Back to those individual moments of brilliance! Floyd's rendition of "The Christmas Song" was his most memorable and in fact the best of the solo traditional holiday numbers. His voice was fluid and very easy to listen to -- a perfect choice for the most recorded Christmas song in history.
Denise Lee was funky diva perfection during songs like "Lady Marmalade" and "Movin' On Up" (also known as the theme from TV's The Jeffersons). Her smile was slightly mischievous throughout the show and she garnered many laughs for her quips and one-liners.
We were first introduced to Sara Shelby-Martin during her high-energy rendition of "Tutti Frutti." What impressed me most about Shelby-Martin's performance was her depth of range -- going from "Love Shack" to "Ode to Billy Joe" was quite a leap but her strong, clear voice more than met the needs of both songs.

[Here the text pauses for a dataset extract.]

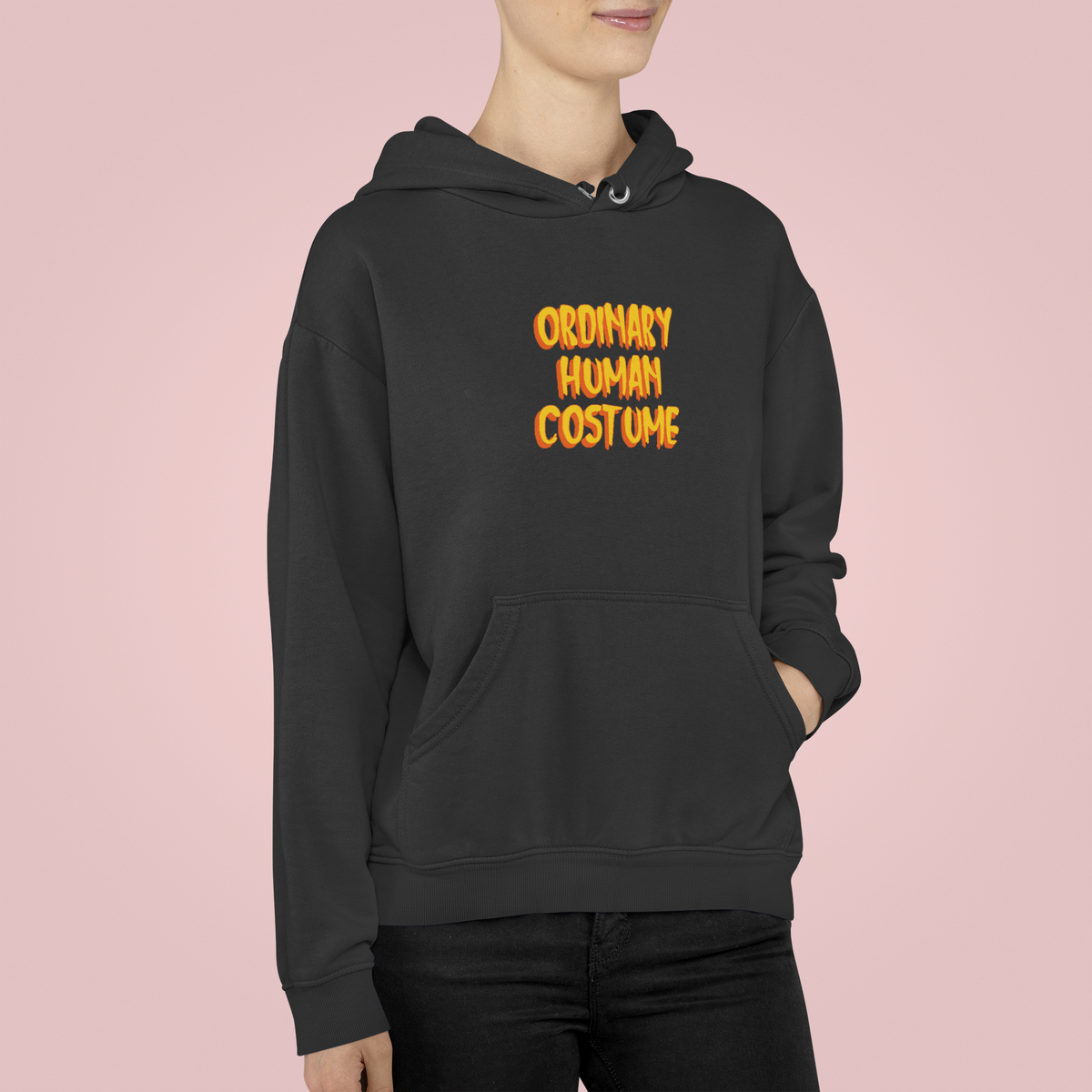 'Ordinary Human Costume' funny halloween hoodie in black, woman wearing it, pink background, funny gift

It was during her fantasy of a Grand Ole Opry Christmas that Jenny Thurman opened up and flexed her comedic chops in concert with her vocal cords. "Blue Christmas" was equal parts humor and beauty, with majestic harmonies provided by Shelby-Martin and Amy Stevenson, and Thurman's physicality during "End of the World" and "Stand By Your Man" was downright hysterical.
Stevenson shone most during her thoughtful version of "Try a Little Tenderness," the first of a four-song vignette that proved to be the most moving section of the production. The cast donned spangled silver choir robes at this point and moved into "Bridge Over Troubled Water," followed by the group's unbeatable "Silent Night" -- the overall standout song of the show.
"I Feel Good" showed us that Markus Lloyd was the Hardest Working Man at WaterTower and his incredible energy didn't stop there as his turns as Michael Jackson, Don Cornelius, and even Shaft were equally impressive. Lloyd was constantly on the move and singing -- beautifully, I might add -- all the while. I was tired just watching him.
Michael A. Robinson's contribution to Rockin' Christmas Party wasn't as out-front as the performers listed in the previous paragraphs but it was in-your-face nonetheless. His costuming and over-the-top wiggery (that is a real word -- I just looked it up) gave the show an extra element of sparkle and whimsy that made it even more fun. The wigs played such a large part in the show they are probably sitting in a dressing room right now demanding AEA recognition for their participation.
All holiday traditions have to start somewhere and my family just may have found a new one. Rockin' Christmas Party was the perfect combination of holiday revue and weekend dance party, stacked solid with sing-along hits from start to finish. Don't miss this opportunity to see some incredibly talented wigs ... err ... I mean performers!